La délibération préalable du sénat a donc toujours été et est toujours restée en usage pour les propositions de loi qui étaient soumises aux centuries, aux tribus patricio-plébéiennes et, de la façon indiquée, à la plèbe. La concession du droit de cité ou même de droit de suffrage aux cités de non citoyens ou de demi-citoyens fait cependant exception sous un certain rapport : en pareil cas, l’initiative du sénat ne semble pas correcte, quoique l’on puisse pourtant établir qu’il l’a plusieurs fois exercée pour des propositions de ce genre[29]. Ailleurs la délibération préalable du projet de loi par le sénat n’est pas elle-même légalement requise ; il existe des exemples soit de l’époque ancienne, soit de l’époque moderne, qui attestent que le magistrat pouvait soumettre un projet de loi aux comices sans mandat de la curie[30]. Mais l’acte de se servir de l’initiative législative autrement qu’après avoir pris l’avis du sénat et d’accord avec lui, fait l’objet de blâmes nombreux[31]. La constance pratique de la délibération préalable se révèle surtout clairement pour l’application du pouvoir législatif dont l’apparition est la plus précoce et la plus énergique, pour la déclaration de guerre. La résolution du sénat précédant celle des comices est signalée dès les temps les plus reculés dans les annales qui nous ont été conservées[32] et une déclaration de guerre faite sans sénatus-consulte préalable y apparaît positivement comme quelque chose d’inouï. Il ne peut en être autrement. Selon la constitution de la procédure de vote romain qui laisse à l’auteur isolé de la proposition la fixation des termes du projet de loi et qui ne fournit aucune garantie contre les sottises et les actes précipités, la délibération préalable du projet dans le sénat est un fait indispensable.

Comme la déposition du projet, sa mise à l’écart par l’intercession tribunicienne est légalement indépendante du sénat et elle a assez souvent eu lieu contre sa volonté.
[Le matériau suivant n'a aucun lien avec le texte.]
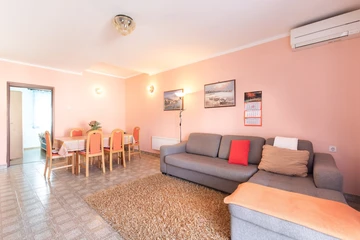 Baška Apartment with Terrace for 4-5 Guests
Mais, de même que le sénat invite fréquemment les magistrats à faire usage de leur initiative législative, il n’est pas rare qu’il les invite à user de leur droit d’intercession ou, à l’inverse, les détourne d’en user.

 

 

 



[1] La mention des patres dans cette formule est constante. Cicéron les nomme toujours (De re p. 2, 13, 25. c. 32, 56 ; Brut. 14, 55 ; Pro Planc. 3, 8) ; Tite-Live le fait dans onze passages (1, 17, 10. c. 22, 1. c. 32, 1. c. 47, 10. c. 49, 3. 3, 59, 5. 4, 3, 10. 6, 41, 10. c. 42, 14. 1, 16, 7. 8, 12, 5. De même, De vir. ill. 33), et une seule fois il dit, évidemment pour varier, 6, 42, 10, patricii se auctores futuros negabant. Les textes de Tite-Live ne sont pas très probants en ce sens qu’il entend, dans beaucoup d’autres, par patres le sénat tout entier ; il reste cependant toujours d’une certaine importance qu’il ne mette jamais ce dernier en rapport avec l’ancienne ratification des lois. Chez Salluste, dans le discours de Macer, 15 : Libera ab auctoribus patriciis suffragia, c’est le démagogue qui parle, parce que l’idée de noblesse n’est attachée qu’au mot patricius. Il n’y a que Gaius, 1, 3, à indiquer les patriciens au lieu des patres.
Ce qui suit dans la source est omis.